BEGIN SUPPLIED DATA

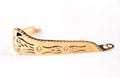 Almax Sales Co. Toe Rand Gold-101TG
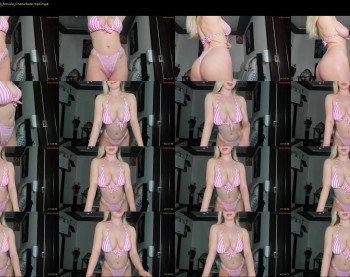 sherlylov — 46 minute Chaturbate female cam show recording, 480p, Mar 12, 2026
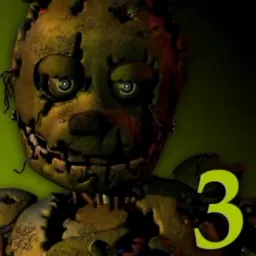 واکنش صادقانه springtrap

END SUPPLIED DATA
BEGIN SUPPLIED DATA

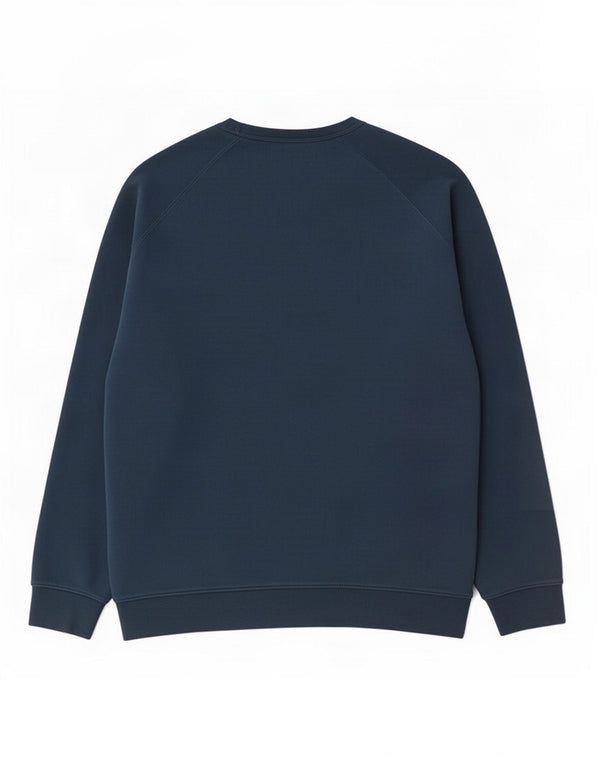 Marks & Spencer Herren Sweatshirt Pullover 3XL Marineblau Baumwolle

END SUPPLIED DATA
BEGIN SUPPLIED DATA

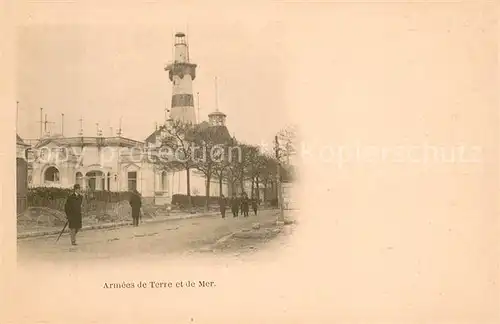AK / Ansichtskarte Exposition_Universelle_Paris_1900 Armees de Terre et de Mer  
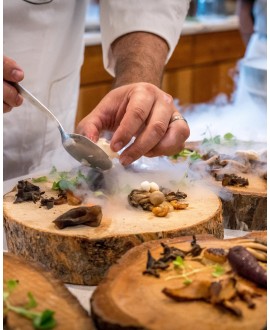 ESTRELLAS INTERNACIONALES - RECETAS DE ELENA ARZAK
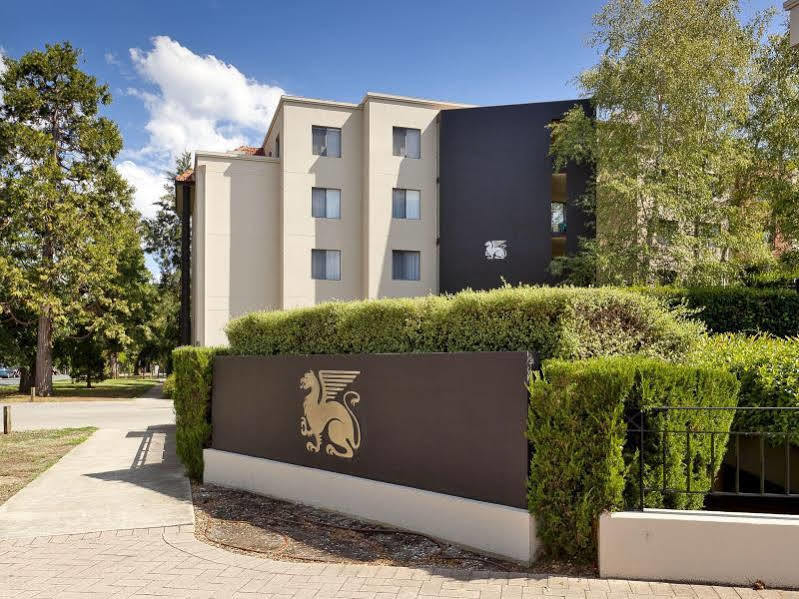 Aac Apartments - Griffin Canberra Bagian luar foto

END SUPPLIED DATA

### TASK
Because only one stretch of the records is wanted, please output the lines from the one holding "ESTRELLAS INTERNACIONALES - RECETAS" through the one holding "Aac Apartments - Griffin" exactly, both included, and leave every picture out.

### RESPONSE FOR THIS EXERCISE
 ESTRELLAS INTERNACIONALES - RECETAS DE ELENA ARZAK
 Aac Apartments - Griffin Canberra Bagian luar foto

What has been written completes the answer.